Yesterday we told you how to sign up for text message service alerts from Metro’s Twitter account @MetroLAalerts.

Commenter B. Kuo brought up an idea – something that some at Metro have been kicking around for a while – suggesting that Metro should have multiple service alert Twitter accounts so that riders can choose to follow only the lines that matter to them. It’s a good idea, especially if you’ve hooked your phone up to Twitter – you probably don’t care to be text messaged regarding a line you don’t ride.

A few transit agencies do this very thing – locally there’s Metrolink which has unique Twitter accounts for each of its seven commuter lines. On a larger scale there’s the Chicago Transit Authority (CTA). They have Twitter accounts for each rail line (eight in total) and one catch-all account for CTA buses. Metro would probably do something similar to this.

The @CTAtweet account, from a third party, consolidates all of CTA’s various Twitter accounts into one account. One thing to note: despite the size of the CTA’s system, their Twitter accounts have a very small number of followers, and the bus alerts Twitter hasn’t been updated since July 6th.

Do you think Metro should offer multiple service alert Twitter accounts?
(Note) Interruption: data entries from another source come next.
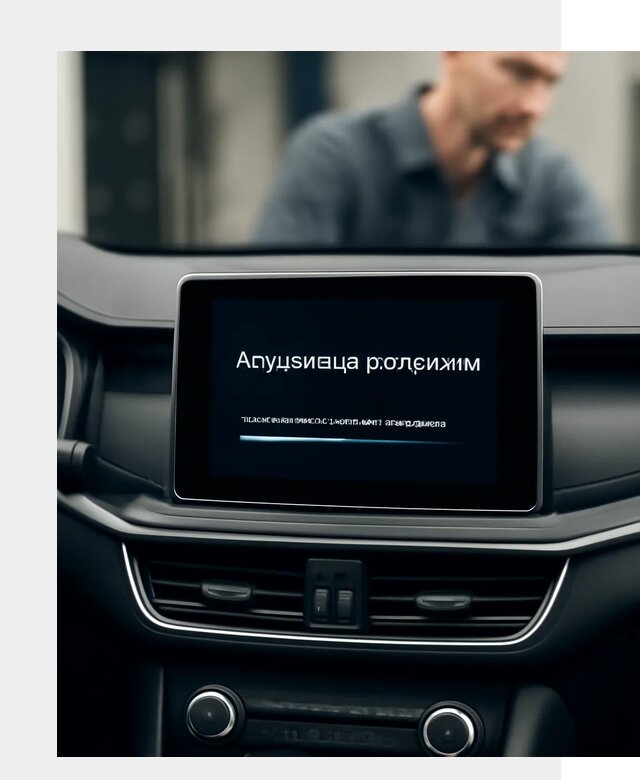 Обновление русификации авто в Устях-Илимске по цене от 6136 р. | ФастМобиль-Сть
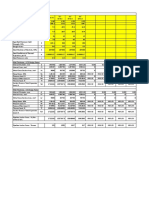 Pipeline Anchor Force Calculation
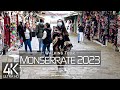 【4K 60fps】🇨🇴 VIRTUAL WALKING TOUR: 🚶 «Monserrate - Bogota Colombia 2023» 🎧 ORIGINAL SOUNDS 📺UHD ASMR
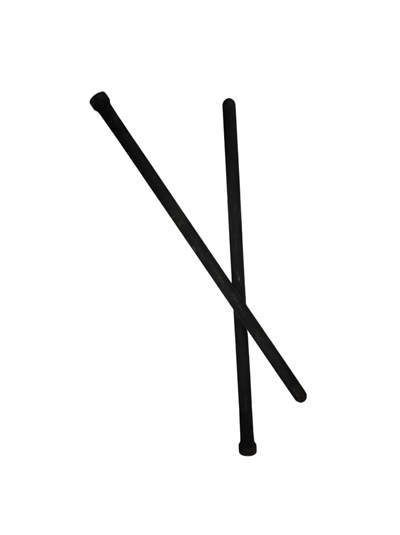 Push Rods(2PCS Pair) For 292F 997CC 25HP Double Cylinder 4 Stroke Air Cool Diesel Engine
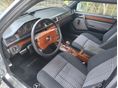 MERCEDES-BENZ W 124 1990 - 6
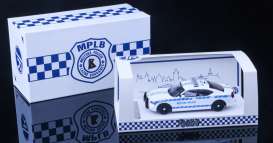 Dodge  - Charger  - 1:64 - JR Collectibles x Rollin - Adam - JRXRollin-Adam | Toms Modelautos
Would you actually use them? Keep in mind that Metro’s Twitter initiative is still a work in progress – and most Twitter updates are handled by a Metro planner who’s passionate about improving the experience for riders but might not have to time to manage updating multiple accounts.

Take the poll and share your thoughts in the comments.

4 replies

  1. It seems as though having a single account for various lines could get a little cumbersome; I can forsee a logistical nightmare for the person responsible for updating Metro riders.

    Why not create a rail account and bus account and use hashtags for the separate lines (e.g., #MBL or #4 for the Blue Line and bus line 4, respectively)? That way, at least, people with phone apps such as TweetDeck can follow the lines they want. (I realize this is also flawed being that Twitter itself doesn’t allow you to follow hashtags per se.)

    I agree with Elvi on her solution but I can see that costing Metro a lot, too.

  2. Well, since Twitter is free, and it would be presumably the same person updating it, whether there are 2 or 20, I don’t see the harm.

    Maybe Metro could also experiment with creating regional twitter accounts, eg. one for alerts/detours in the Valley, one for Downtown, etc.

  3. Cost-effectiveness doesn’t seem to be a problem as it’s practically free to do the notifications via Twitter/SMS. However, it seems if the goal is to have an effective SMS notification program via Twitter, then it may require a full-time staffer. If personnel cost is a concern, then perhaps an intern should be considered.

    Dedicated Twitter accounts for each line would be awesome for a patron, but a drag for Metro staff to update, I would imagine. As a pilot programme, starting off with the rail lines would be a good place to start. Nice and manageable.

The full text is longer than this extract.